* [Try it]
In the entries that follow, find the line containing "Carl Joseph Geiger, Mozart" and the line containing "OAK SIDE TABLE AND NEST OF THREE TABLES", then retype exactly the lines from the first through the second, pictures excluded.

* [Exercise materials]

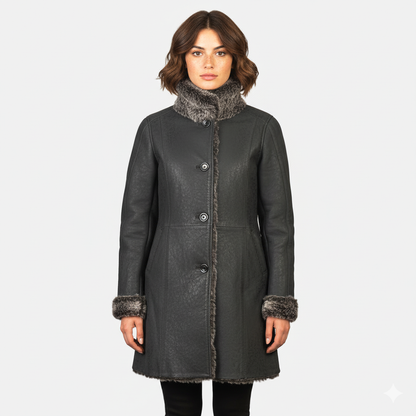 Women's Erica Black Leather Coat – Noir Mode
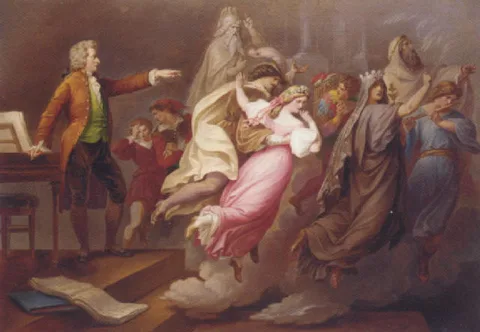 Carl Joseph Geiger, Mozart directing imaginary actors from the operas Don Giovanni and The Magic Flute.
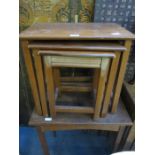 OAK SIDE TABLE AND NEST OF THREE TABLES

--

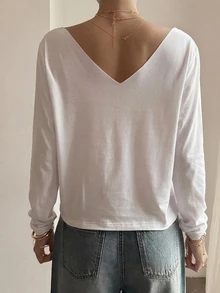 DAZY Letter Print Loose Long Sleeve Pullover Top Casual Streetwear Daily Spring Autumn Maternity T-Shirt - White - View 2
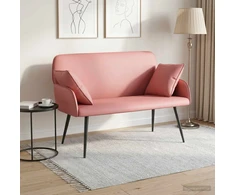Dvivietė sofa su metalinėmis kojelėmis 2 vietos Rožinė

* [Answer to the problem]
 Carl Joseph Geiger, Mozart directing imaginary actors from the operas Don Giovanni and The Magic Flute.
 OAK SIDE TABLE AND NEST OF THREE TABLES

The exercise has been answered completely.